## Work request
Only the lines from the one holding "Girls Mock 2-Piece Romper" to the end of the data should be echoed, exactly as they appear, minus the pictures.

## Dataset content
━━━━━━
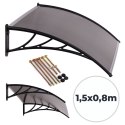 Daszek nad drzwi 150x80 cm zadaszenie osłona poliwęglan MultiGarden MultiGarden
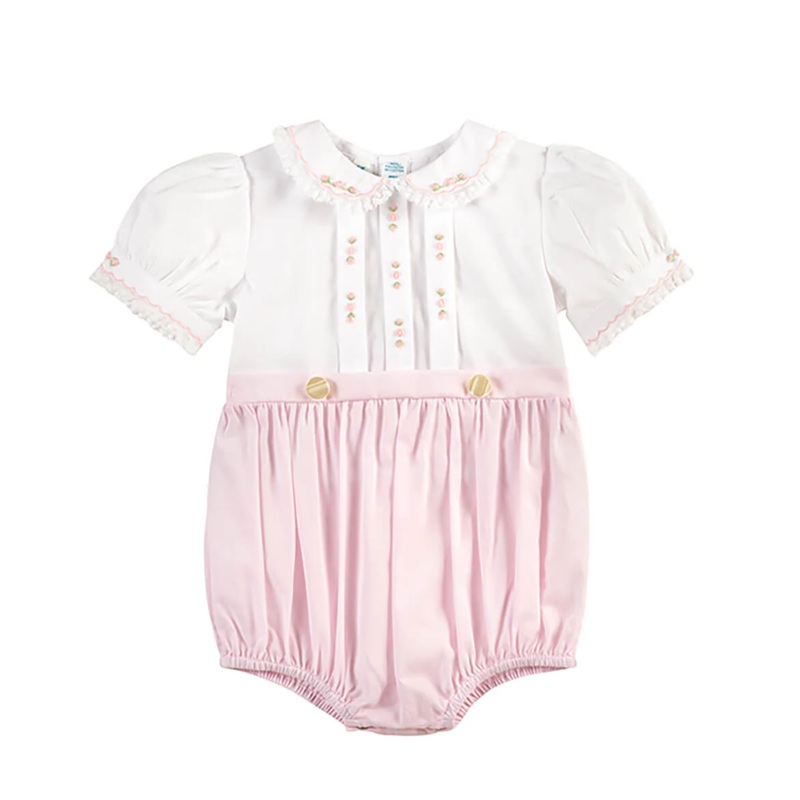 Girls Mock 2-Piece Romper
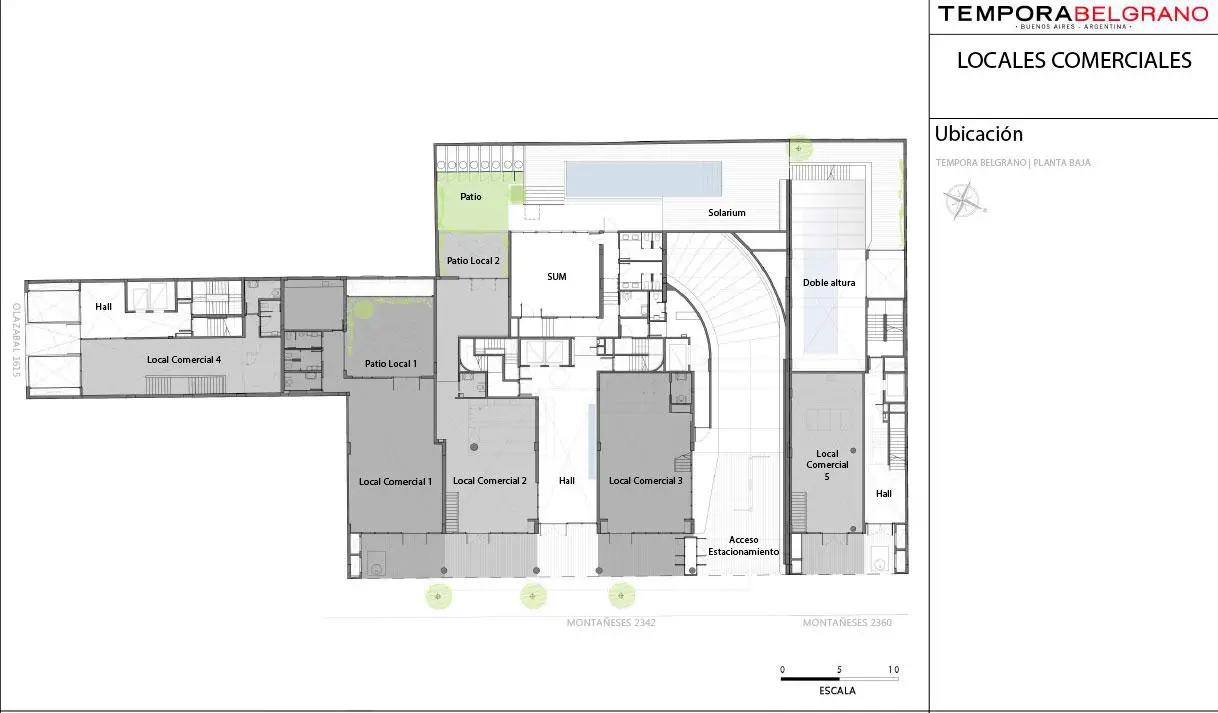 Planos del emprendimiento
━━━━━━
## Response to this exercise
 Girls Mock 2-Piece Romper
 Planos del emprendimiento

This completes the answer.